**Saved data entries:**
※

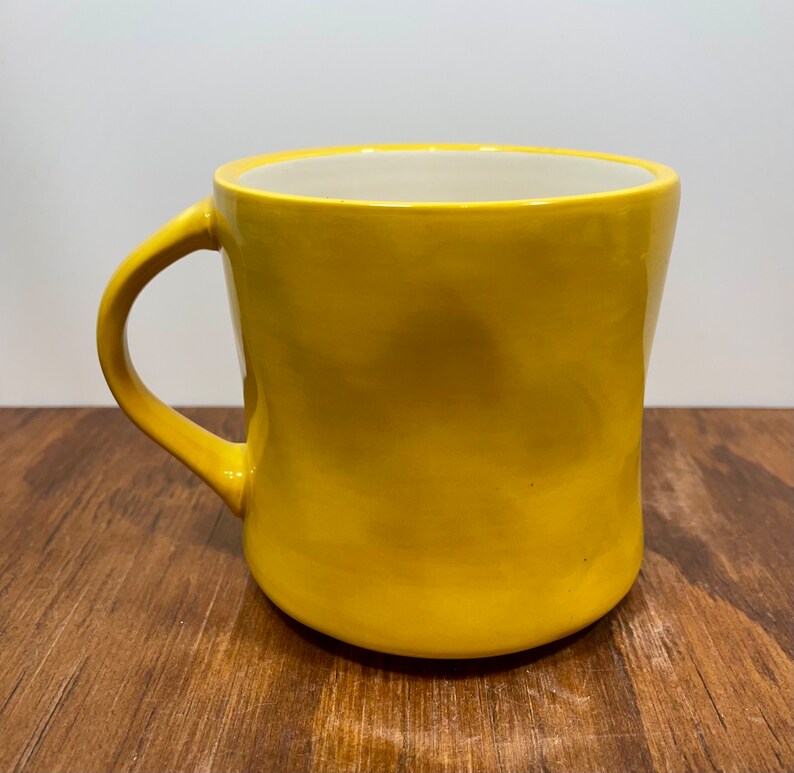 Peut inclure: Une tasse en c&eacute;ramique jaune avec une anse incurv&eacute;e. La tasse a une finition lisse et brillante et un int&eacute;rieur de couleur cr&egrave;me. La tasse est pos&eacute;e sur une surface en bois.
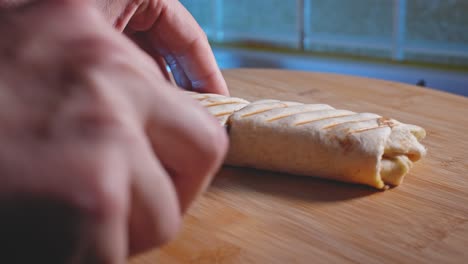 hands cutting anabolic tuna wrap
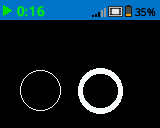 A screenshot of the IQ Brain screen with two white circles printed on the lower half of the screen. The circle on the left is drawn with a narrower border than the one the right.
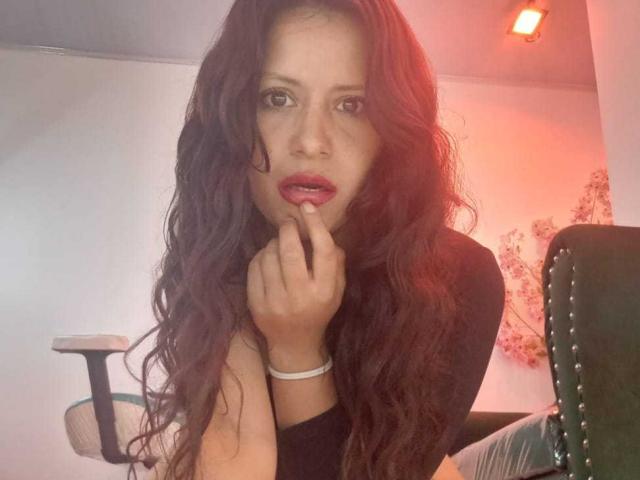 AriannaSeete with long, wavy brown hair and parted lips, looks directly at the camera with a slightly open mouth. She has her right hand near her chin, with fingers gently touching her lips. She wears a black long-sleeve top and a white wristband. The light has a redish hue, creating a warm glow on her face. The background is blurred, focusing on AriannaSeete's expression and hair texture. The image has a casual, candid feel.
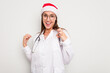 © Asier - Young caucasian doctor woman wearing a santa hat isolated on white background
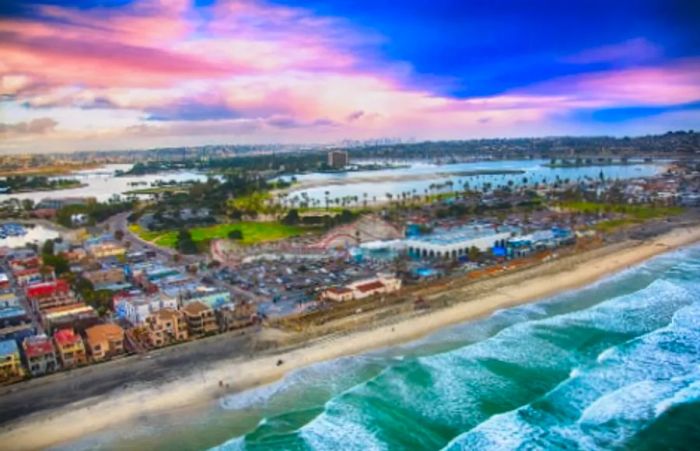 An aerial view of Mission Beach featuring the famous roller coaster in San Diego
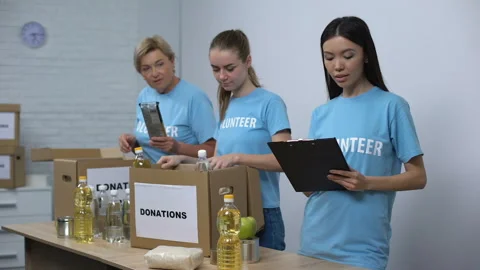 Social center workers preparing food donation boxes making notes, volunteering Stock Footage 113399892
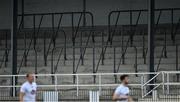 18 October 2020; Kildare players Tommy Moolick, left, and Kevin Flynn make their way past an empty section of the stand after the Allianz Football League Division 2 Round 6 match between Kildare and Cavan at St Conleth's Park in Newbridge, Kildare. Photo by Piaras Ó Mídheach/Sportsfile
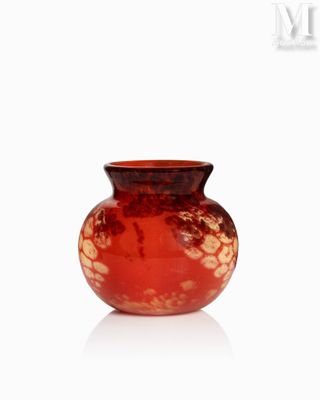 un vase rouge posé sur une surface blanche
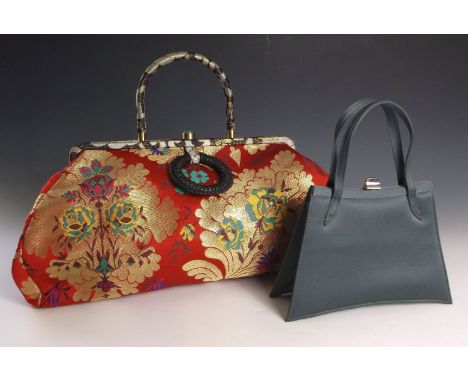 A Shanghai Tang vintage handbag,in a red oriental woven silk brocade fabric with metallic flowers, stiff fabric handle and ja
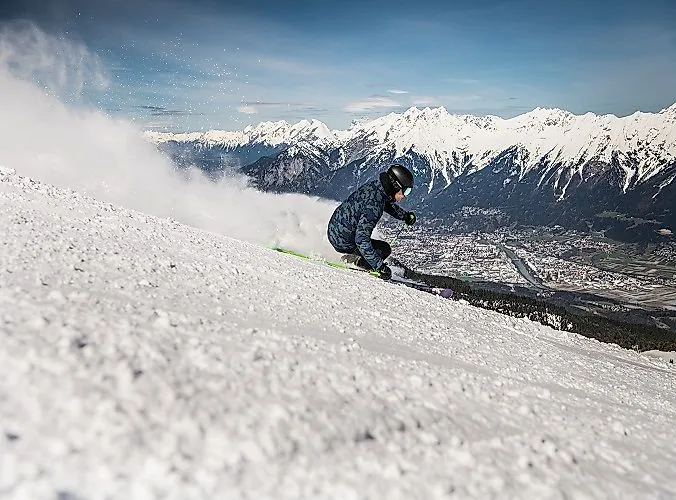 Skifahrer in Aktion mit Blick auf das verschneite Inntal und die Alpen am Glungezer in Tirol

※

**What the task asks:**
All lines from the start of the entries above through the line containing "A screenshot of" must be transcribed exactly, both ends included, and no picture may be copied.

**Output below:**
 Peut inclure: Une tasse en c&eacute;ramique jaune avec une anse incurv&eacute;e. La tasse a une finition lisse et brillante et un int&eacute;rieur de couleur cr&egrave;me. La tasse est pos&eacute;e sur une surface en bois.
 hands cutting anabolic tuna wrap
 A screenshot of the IQ Brain screen with two white circles printed on the lower half of the screen. The circle on the left is drawn with a narrower border than the one the right.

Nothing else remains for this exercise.